Timber is not a high thermal mass product, nor are things like weatherboards, fibro, foam, natural fibres  etc. These materials heat up and cool down too a much lesser extent than bricks and concrete. They too move naturally, though depending on the construction technique tend not to result in as many cracks whilst doing it. When used in a warmer climate, for instance much of Northern NSW and QLD timber houses will hold and retain far less heat during the day and cool much quicker at night – perfect! But what about cyclones? Timber constructed homes and technology have come a very long way throughout the past few decades. Incredibly strong structures can be made from timber and there are even multi-storey and high-rise buildings now being constructed around the world from timber. Cyclones, earthquakes, floods, all can be accounted for with timber construction methods. Besides, there are plenty of old timber houses around that have proven they can withstand the tests of time. Its more the construction method and maintenance that was used, rather than the materials themselves, that determined which ones are still around and which ones are gone.

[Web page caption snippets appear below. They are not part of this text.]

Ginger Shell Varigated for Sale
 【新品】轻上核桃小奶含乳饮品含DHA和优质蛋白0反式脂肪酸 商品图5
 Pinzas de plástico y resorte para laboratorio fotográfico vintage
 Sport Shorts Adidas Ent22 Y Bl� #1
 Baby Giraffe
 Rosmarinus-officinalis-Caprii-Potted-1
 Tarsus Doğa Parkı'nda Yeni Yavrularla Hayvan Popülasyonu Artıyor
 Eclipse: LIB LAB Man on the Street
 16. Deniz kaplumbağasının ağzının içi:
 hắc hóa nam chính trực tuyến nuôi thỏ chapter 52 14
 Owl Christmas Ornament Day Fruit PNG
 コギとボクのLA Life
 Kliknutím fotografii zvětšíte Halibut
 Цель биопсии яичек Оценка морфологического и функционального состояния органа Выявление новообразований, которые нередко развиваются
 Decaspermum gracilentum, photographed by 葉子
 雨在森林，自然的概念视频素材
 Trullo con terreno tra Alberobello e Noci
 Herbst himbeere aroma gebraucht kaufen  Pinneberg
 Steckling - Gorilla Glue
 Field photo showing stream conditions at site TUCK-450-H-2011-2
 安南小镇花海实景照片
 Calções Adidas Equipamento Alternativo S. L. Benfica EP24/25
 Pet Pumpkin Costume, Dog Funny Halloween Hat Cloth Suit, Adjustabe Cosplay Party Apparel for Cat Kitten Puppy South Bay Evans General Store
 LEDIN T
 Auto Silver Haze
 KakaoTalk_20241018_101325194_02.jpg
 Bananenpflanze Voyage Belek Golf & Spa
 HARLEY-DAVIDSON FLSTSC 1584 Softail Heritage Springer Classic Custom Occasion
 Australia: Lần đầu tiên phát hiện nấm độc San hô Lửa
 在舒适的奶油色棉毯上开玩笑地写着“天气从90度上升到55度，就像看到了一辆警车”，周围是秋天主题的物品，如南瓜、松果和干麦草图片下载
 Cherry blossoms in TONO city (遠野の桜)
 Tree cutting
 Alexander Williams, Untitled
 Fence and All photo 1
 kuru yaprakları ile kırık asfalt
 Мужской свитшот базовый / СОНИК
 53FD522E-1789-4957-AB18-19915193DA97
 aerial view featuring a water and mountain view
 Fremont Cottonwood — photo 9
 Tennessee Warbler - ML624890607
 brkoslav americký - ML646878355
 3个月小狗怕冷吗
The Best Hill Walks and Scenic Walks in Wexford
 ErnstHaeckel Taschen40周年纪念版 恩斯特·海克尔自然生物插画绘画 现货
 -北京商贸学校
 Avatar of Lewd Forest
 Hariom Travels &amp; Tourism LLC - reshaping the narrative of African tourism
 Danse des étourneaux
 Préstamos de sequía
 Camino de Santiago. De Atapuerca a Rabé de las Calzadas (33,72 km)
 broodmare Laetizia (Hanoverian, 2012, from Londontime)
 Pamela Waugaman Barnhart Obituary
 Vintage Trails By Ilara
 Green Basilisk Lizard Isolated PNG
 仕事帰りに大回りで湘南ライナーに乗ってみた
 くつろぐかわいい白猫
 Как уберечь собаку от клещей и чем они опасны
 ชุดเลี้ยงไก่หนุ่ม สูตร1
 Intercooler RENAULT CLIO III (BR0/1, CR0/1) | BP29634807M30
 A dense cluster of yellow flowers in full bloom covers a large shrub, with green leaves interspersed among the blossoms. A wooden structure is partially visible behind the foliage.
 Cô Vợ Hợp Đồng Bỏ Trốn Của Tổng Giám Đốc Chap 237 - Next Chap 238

Using science, we now understand why such a large majority of houses constructed in Northern NSW and QLD over the past few decades perform so badly at keeping us comfortable. Yes, they are generally doing a great job at providing us protection and security, but at the cost of being completely energy inefficient and naturally uncomfortable. We can and should have both! The technology, materials and design methods are all available right now. Sadly, it’s the public education and ‘sales mentality’ that are not.

What’s the ideal house for Northern NSW and QLD climate zones, not a trick question, of course it’s the one that you like the most. However, on a serious note, its one where the thermal mass is on the inside, not the outside of the house. Try sticking your hand on a rock or brick outside, now go inside and stick your hand on that beautiful stone or artificial stone benchtop. Get my drift. IF we place our thermal mass on the inside, the natural shade and if we use air-conditioning, coolness it provides will in turn cool all our thermal mass. And because our thermal mass stores both cold and heat equally well, we will require less energy to keep it that way. Now on the outside, we have low thermal mass products, timber, weatherboards, fibro etc. And yes we can still look like a modern rendered home by using rendered foam. So on the outside, not only does the material in the first place heat up less, it will store much less of this energy in the form of heat, and will cool down very quickly once its heating source, the sun, has gone. No radiating heat into the house long after the sun has gone down! Cooler house, happy resident. It really is quite simple once you understand thanks to science, work with your climate rather than against it and it will do the same for you.

We will leave insulation, mechanical heating, cooling and shading devices for another blog, don’t want you going to sleep on me. Where just getting started with becoming a building design guru.

At Design Science, whilst we leave the ultimate decision up to you, we provide all our clients with the options of doing things “how they should be, not how they are”.